"The painter is just a chef who works with color... I love to cook, and a big part of being an artist is not being afraid of making a mess first and then bringing it together."
Douglas Johnson is a fine artist who has made Baltimore his home since 1987 when he began his studies at Maryland Institute College of Art (MICA). Johnson lives to create with color. His work continues to explore new possibilities of water-based media: primarily watercolor, gouache and ink.
Figures that have a living presence, landscapes that stretch out for miles, expressed in paintings made with a spare economy of swift marks. It is this gymnastic precision in Johnson's brushwork and unbridled use of saturated color that make his paintings so recognizable.
In addition to his accomplishments as a painter, he has been an active member of the theatre community as a writer, director, and producer of set designs for Annex Theater, Yellow Sign Theatre, Frith and Inle, Everyman Theater, Single Carrot Theatre and the Baltimore Rock Opera Society.

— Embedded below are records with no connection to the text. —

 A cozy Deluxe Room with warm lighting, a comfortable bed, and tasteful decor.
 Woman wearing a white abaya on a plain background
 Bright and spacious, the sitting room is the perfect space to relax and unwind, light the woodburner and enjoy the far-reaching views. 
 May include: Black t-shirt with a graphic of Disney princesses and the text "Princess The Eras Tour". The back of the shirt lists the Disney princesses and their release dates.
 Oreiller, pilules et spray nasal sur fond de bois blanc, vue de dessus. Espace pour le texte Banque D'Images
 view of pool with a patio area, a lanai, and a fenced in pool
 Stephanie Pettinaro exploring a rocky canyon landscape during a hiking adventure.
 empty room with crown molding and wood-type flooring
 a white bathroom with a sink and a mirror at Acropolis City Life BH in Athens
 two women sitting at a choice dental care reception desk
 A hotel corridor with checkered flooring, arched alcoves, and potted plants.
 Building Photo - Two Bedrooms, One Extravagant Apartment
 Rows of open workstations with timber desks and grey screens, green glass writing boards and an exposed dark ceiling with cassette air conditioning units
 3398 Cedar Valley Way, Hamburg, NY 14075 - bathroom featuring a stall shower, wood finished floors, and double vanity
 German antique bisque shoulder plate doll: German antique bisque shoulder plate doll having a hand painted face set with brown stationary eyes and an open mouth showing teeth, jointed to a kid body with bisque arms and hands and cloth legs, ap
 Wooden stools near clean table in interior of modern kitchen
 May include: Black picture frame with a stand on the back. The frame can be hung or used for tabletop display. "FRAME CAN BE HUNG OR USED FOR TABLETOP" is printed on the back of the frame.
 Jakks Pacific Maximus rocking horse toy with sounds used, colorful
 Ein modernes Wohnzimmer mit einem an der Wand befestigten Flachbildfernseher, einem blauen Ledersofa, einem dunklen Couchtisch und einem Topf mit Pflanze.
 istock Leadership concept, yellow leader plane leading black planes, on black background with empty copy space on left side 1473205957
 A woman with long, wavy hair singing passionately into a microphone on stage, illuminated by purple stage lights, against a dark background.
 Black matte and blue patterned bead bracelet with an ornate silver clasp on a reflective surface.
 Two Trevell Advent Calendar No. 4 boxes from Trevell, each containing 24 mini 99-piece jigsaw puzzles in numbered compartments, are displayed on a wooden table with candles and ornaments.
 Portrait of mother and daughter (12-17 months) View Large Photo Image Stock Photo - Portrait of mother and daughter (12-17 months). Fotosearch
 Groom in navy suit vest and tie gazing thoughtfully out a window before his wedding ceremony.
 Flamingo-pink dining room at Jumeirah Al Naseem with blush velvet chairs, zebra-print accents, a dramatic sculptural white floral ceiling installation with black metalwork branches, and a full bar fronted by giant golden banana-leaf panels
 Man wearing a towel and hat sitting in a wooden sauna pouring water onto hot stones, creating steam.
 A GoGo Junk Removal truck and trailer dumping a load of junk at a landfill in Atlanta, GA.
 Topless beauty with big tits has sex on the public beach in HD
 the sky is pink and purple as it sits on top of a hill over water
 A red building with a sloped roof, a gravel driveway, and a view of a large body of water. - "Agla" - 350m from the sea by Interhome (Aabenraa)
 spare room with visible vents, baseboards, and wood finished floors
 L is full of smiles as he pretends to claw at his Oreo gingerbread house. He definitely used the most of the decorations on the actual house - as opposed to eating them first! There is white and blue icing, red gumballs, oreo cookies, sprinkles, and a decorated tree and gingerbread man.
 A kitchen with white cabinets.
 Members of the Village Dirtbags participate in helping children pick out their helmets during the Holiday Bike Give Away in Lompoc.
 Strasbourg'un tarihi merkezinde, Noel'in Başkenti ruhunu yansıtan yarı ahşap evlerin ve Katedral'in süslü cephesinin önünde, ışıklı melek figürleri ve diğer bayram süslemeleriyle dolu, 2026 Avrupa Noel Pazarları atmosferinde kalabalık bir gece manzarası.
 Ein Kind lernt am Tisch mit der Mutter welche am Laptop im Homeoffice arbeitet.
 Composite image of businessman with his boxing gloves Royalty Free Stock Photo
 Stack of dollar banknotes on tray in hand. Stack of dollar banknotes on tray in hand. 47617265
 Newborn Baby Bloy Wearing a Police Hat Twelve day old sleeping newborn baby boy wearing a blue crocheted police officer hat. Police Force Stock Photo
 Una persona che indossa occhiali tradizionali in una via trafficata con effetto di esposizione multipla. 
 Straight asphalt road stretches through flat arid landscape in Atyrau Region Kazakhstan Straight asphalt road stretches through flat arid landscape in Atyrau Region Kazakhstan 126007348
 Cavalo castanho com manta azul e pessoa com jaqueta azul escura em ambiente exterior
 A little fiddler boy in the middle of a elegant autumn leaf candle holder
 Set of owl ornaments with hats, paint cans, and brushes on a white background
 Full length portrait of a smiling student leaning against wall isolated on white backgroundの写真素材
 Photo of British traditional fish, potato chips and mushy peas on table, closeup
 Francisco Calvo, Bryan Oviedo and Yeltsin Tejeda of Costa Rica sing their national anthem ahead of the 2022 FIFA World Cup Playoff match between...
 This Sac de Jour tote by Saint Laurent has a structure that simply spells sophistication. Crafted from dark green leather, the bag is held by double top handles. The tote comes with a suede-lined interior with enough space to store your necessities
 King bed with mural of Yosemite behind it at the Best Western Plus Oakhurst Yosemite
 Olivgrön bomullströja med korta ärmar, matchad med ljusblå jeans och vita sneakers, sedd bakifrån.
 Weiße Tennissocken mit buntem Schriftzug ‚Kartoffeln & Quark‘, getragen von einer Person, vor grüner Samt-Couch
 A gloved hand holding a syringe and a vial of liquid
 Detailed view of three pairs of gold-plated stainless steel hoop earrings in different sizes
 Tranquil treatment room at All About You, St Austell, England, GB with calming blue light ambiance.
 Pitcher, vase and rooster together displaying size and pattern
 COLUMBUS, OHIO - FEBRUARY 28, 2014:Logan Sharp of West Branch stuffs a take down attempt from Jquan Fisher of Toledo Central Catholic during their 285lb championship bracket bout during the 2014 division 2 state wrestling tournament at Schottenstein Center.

Johnson's experience in preservation includes work on the restoration of the Brumidi Corridors of the United States Capitol and Clifton Mansion, former summer residence of Johns Hopkins.
American Artist Magazine has praised Johnson’s “provocative approach to watercolor, one that relies on shockingly vibrant colors [and] flowing strokes of transparent paint,” describing him as a “serious and well-informed” artist.